Einstein’s Three Revolutionary Papers of 1905

Meeting chaired by Richard Phillips

Drs. Peter Ford & Vincent Smith

Institute of Physics

6 May 2005

Einstein was born in Ulm on 14 March 1879. This was momentous year in many respects: Bismark became the German Chancellor, leading to rapid industrialisation of that country; both Trotsky and Stalin were born; the Treaty of Gandomak brought Afghanistan under British control: Tay Bridge disaster.

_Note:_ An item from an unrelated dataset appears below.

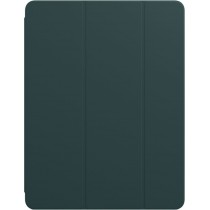 Чехол Apple Smart Folio для iPad Pro 12,9" (4‑го и 5-го поколения), полиуретан, «штормовой зелёный»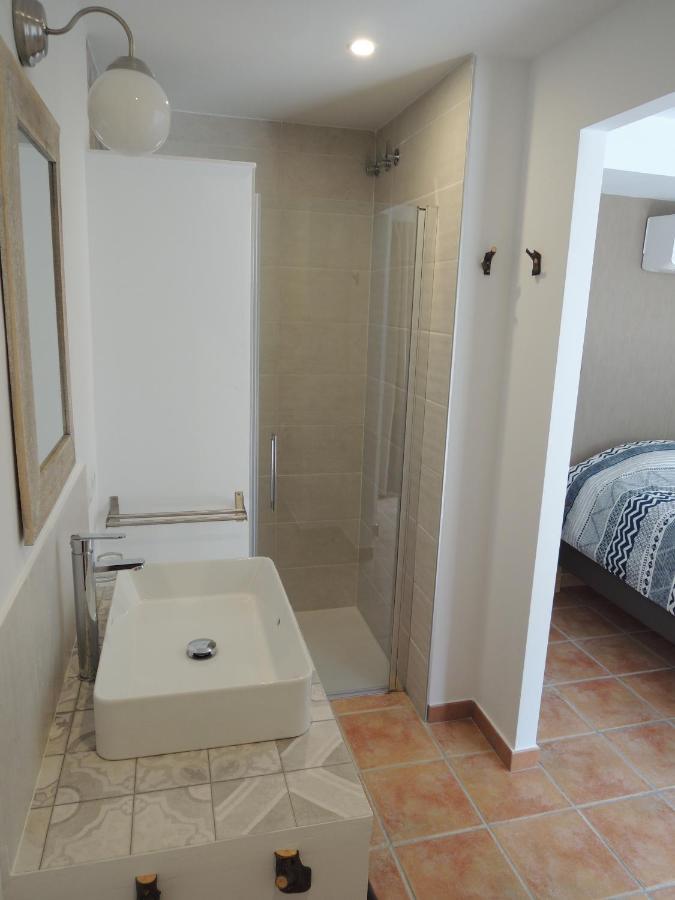 Finca Mirador Macastre Экстерьер фото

In Physics, 1879 saw the birth of Otto Hahn who discovered fission of heavy elements in 1938 and of Owen Richardson who discovered thermionic emission and photo-electricity. The same year James Clerk Maxwell died. (Maxwell had discovered light, and Herschel’s infra-red radiation, to be an electromagnetic phenomenon which suggested the presence of an ‘aether’ for its waves to travel in. The failure to detect the aether by Michelson and Morley was critical in Einstein’s later work.). Joseph Swann and Thomas Eddington developed the electric light bulb, Siemens the electric train in 1879, Edwin Hall discovered the Hall effect, later to be important in developing semiconductor technology and Stefan and Boltzmann discovered that the energy of radiation from a hot body was proportional to the fourth power of the temperature.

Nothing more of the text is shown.